Docteur en psychologie cognitive et entrepreneur, Geoffrey Duran met au point une application d’entraînement cognitif destinée à développer son intelligence sociale et à détecter le mensonge. Sa cible : les forces de l’ordre, mais aussi les soignants, les juristes et bientôt les étudiants.

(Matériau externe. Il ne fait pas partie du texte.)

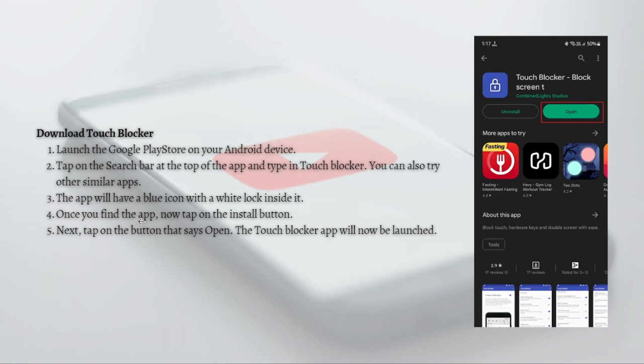We will be using a third-party app, as there is no built-in option available for locking and unlocking the touch of the device easily.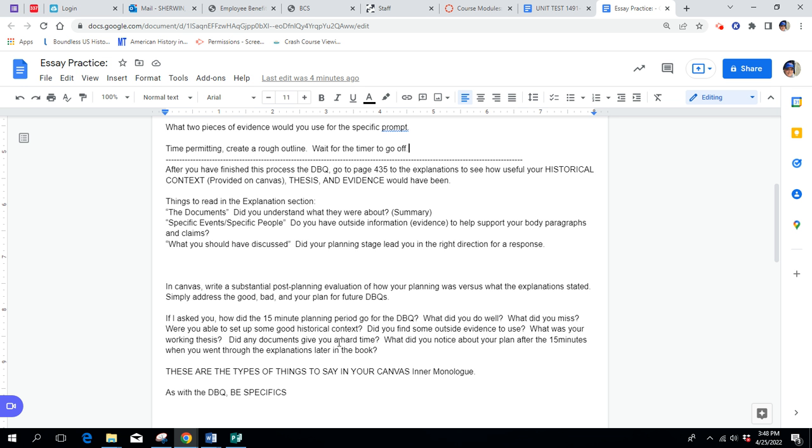I need that inner monologue to Canvas before you come to class on Thursday. So, after the 15 minutes, and I'll leave these instructions for the sub, after the 15 minutes, you are welcome to, after looking at the explanations, talk to a neighbor, talk to a peer, look at things you guys may have missed together, or you did correctly, or help each other out.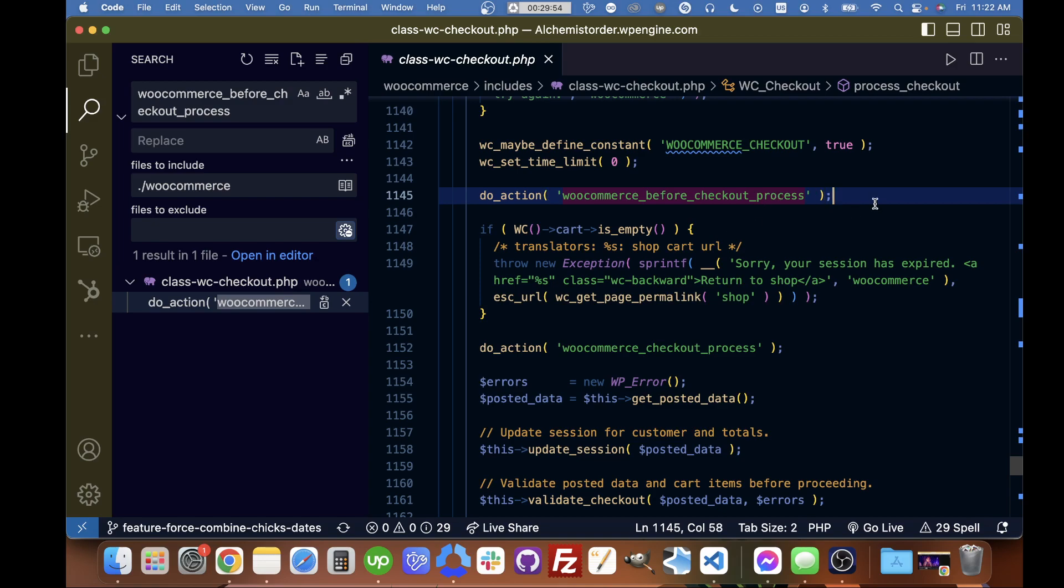This is useful for me because I'm trying to run some code that's going to update the shipping dates for various products in the cart so that they all match. I want to update those dates before the cart is emptied and before the order is created.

Cette personne me dit-elle la vérité ? Cette question obsède Geoffrey Duran depuis toujours. Un atavisme familial sans doute : son père était gendarme. « Même s’il ne travaillait pas dans le milieu des enquêtes, c’est de lui que me vient l’envie d’étudier la détection du mensonge et de développer une expertise permettant d’aider les gens », explique-t-il. Après quelques détours, il oriente ses études vers les neurosciences. Une rencontre va se révéler décisive pour la suite de son parcours. Alors qu’il est en première année de Master, il effectue un stage auprès de George A. Michael, enseignant chercheur en neuropsychologie à l’université Lumière-Lyon 2. Celui-ci s’intéresse justement à l’apport des sciences cognitives à la criminalistique, une approche pluridisciplinaire consistant à établir la preuve de la culpabilité d’une personne mise en cause dans un crime ou un délit (lire notre article « George A. Michael enseigne la “criminalistique cognitive” »). Le sujet passionne notre étudiant, au point qu’il décide de préparer une thèse sur la détection du mensonge au laboratoire d’étude des mécanismes cognitifs (EMC).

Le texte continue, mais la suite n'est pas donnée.